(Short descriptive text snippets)
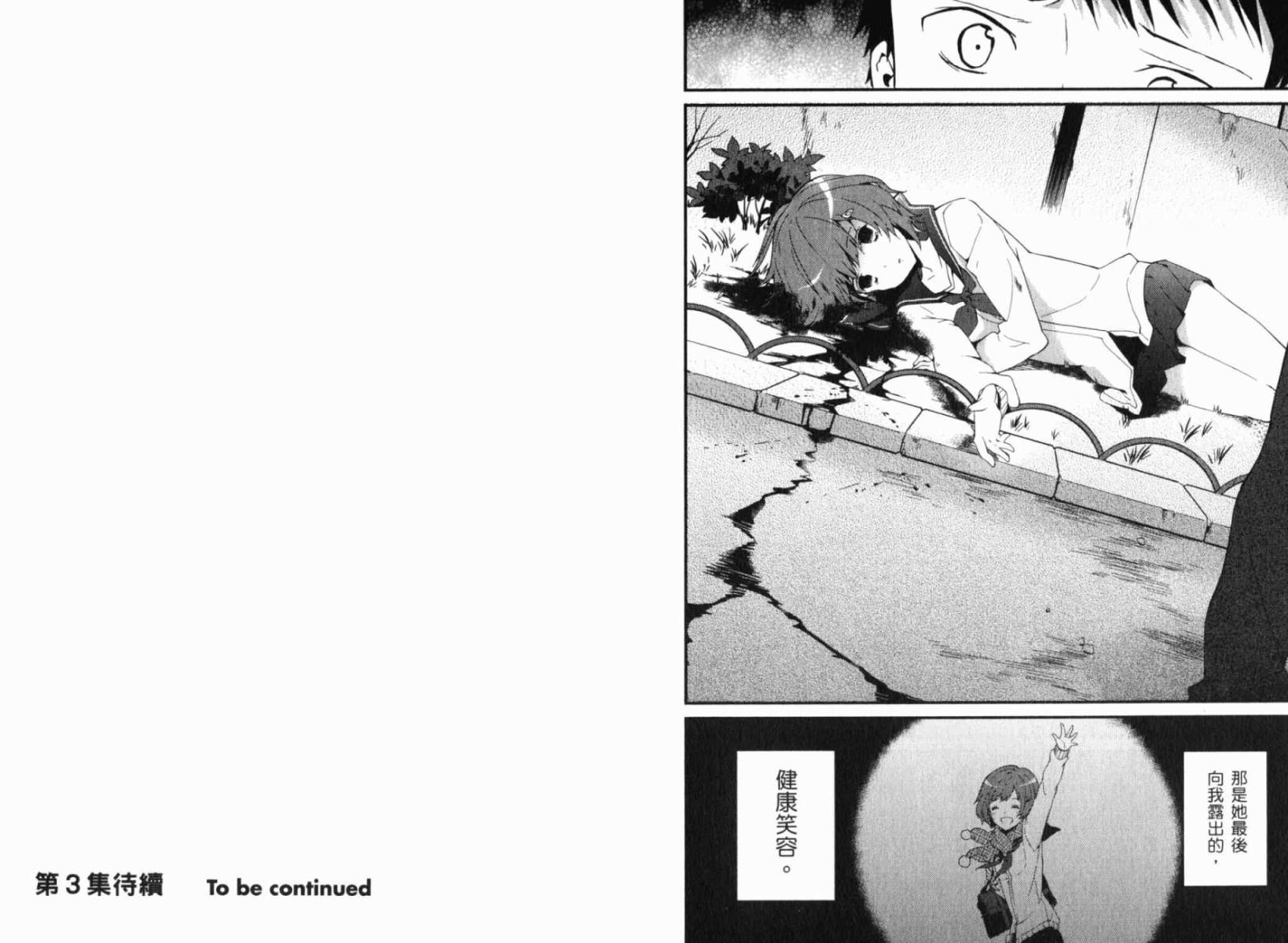 神的记事本第2卷图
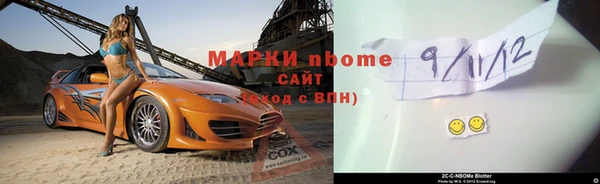 ПСИЛОЦИБИНОВЫЕ ГРИБЫ Михайловск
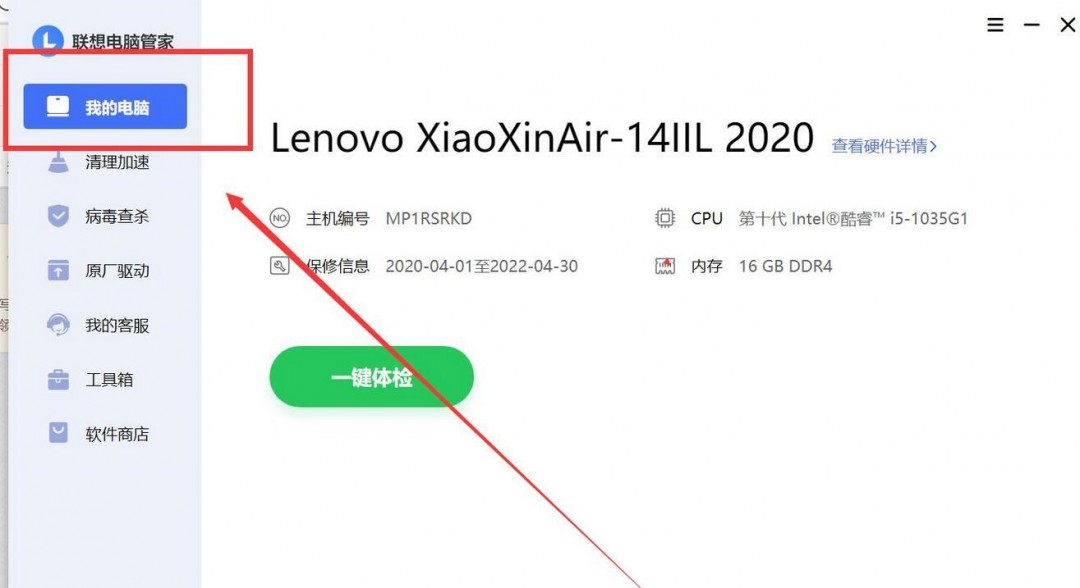 联想电脑管家怎么查看硬盘接口类型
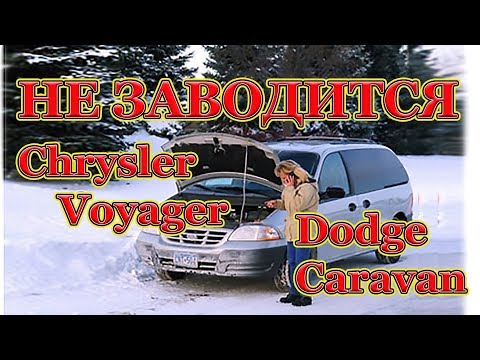 Bataille de deux jours avec Dodge Caravan 3.0 essence, transmission automatique, 1997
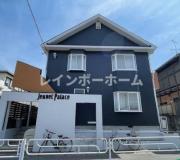 ジュネパレス流山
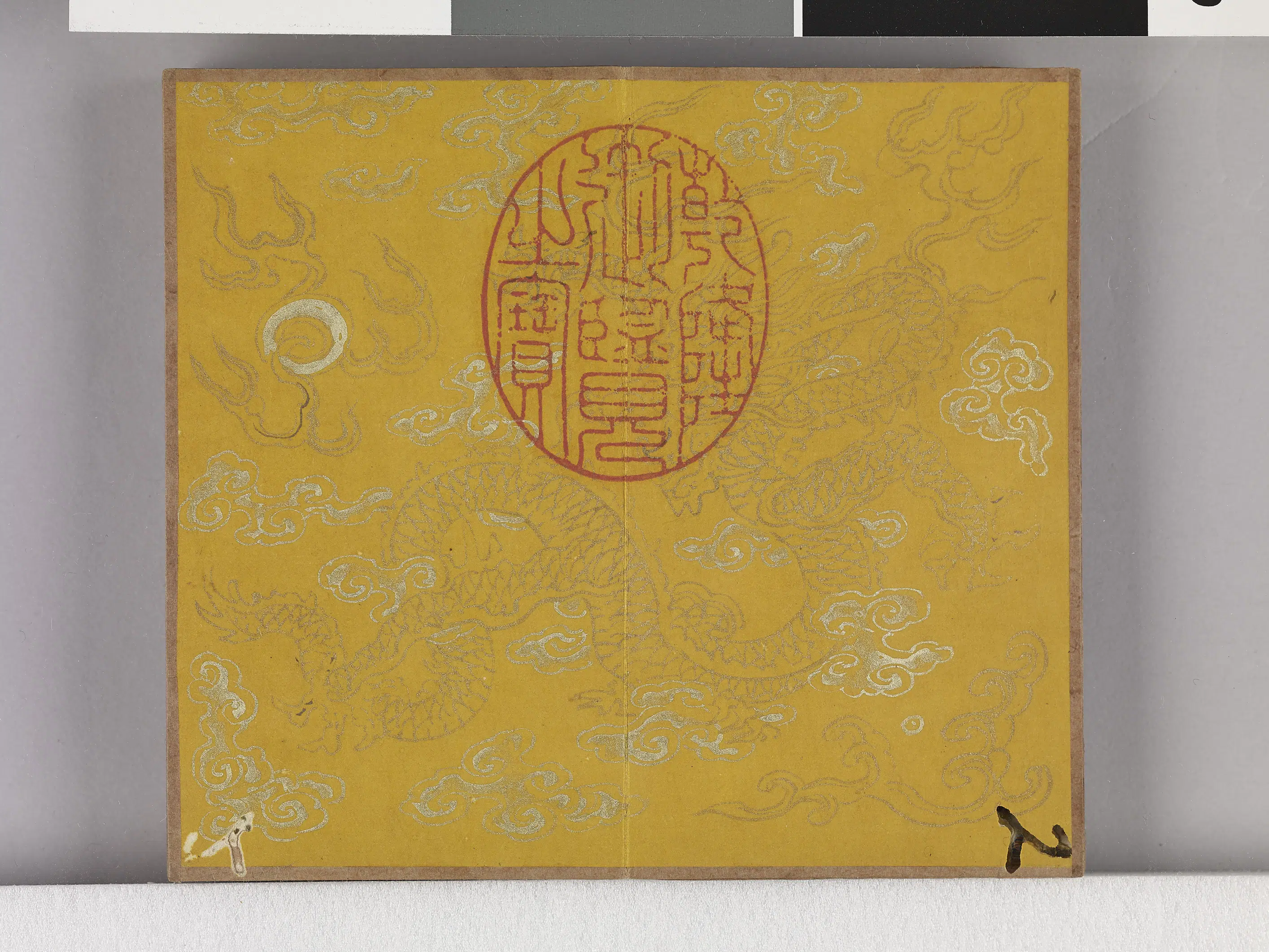 【佚名】《耕织图诗「织一」拓本》 第12张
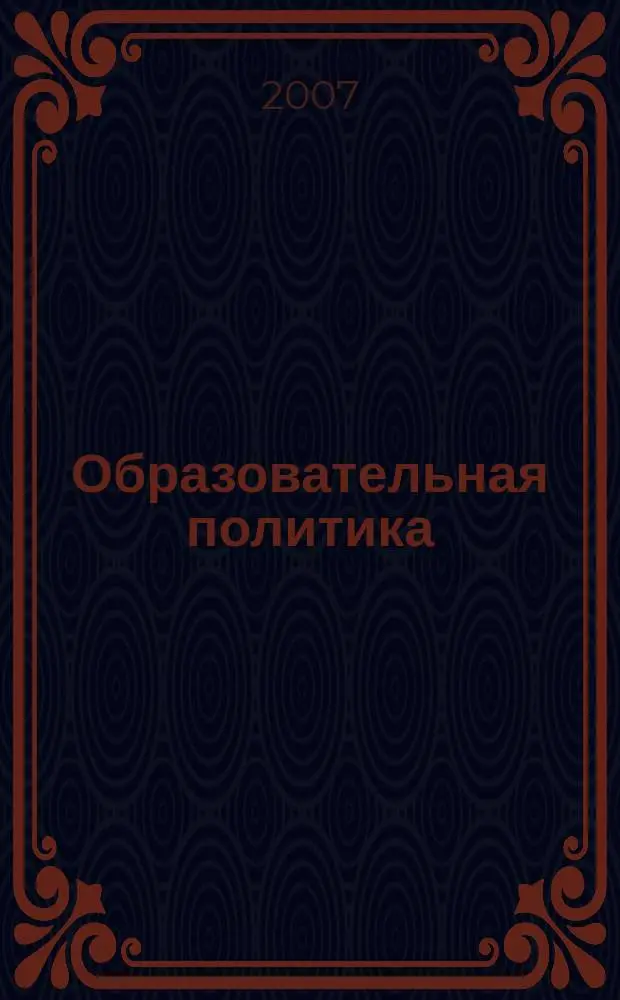 Образовательная политика : ежемесячный информационно-аналитический журнал. 2007, № 6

### Exercise
Every record must be copied exactly, with images dropped from the result.

### Task response
 神的记事本第2卷图
 ПСИЛОЦИБИНОВЫЕ ГРИБЫ Михайловск
 联想电脑管家怎么查看硬盘接口类型
 Bataille de deux jours avec Dodge Caravan 3.0 essence, transmission automatique, 1997
 ジュネパレス流山
 【佚名】《耕织图诗「织一」拓本》 第12张
 Образовательная политика : ежемесячный информационно-аналитический журнал. 2007, № 6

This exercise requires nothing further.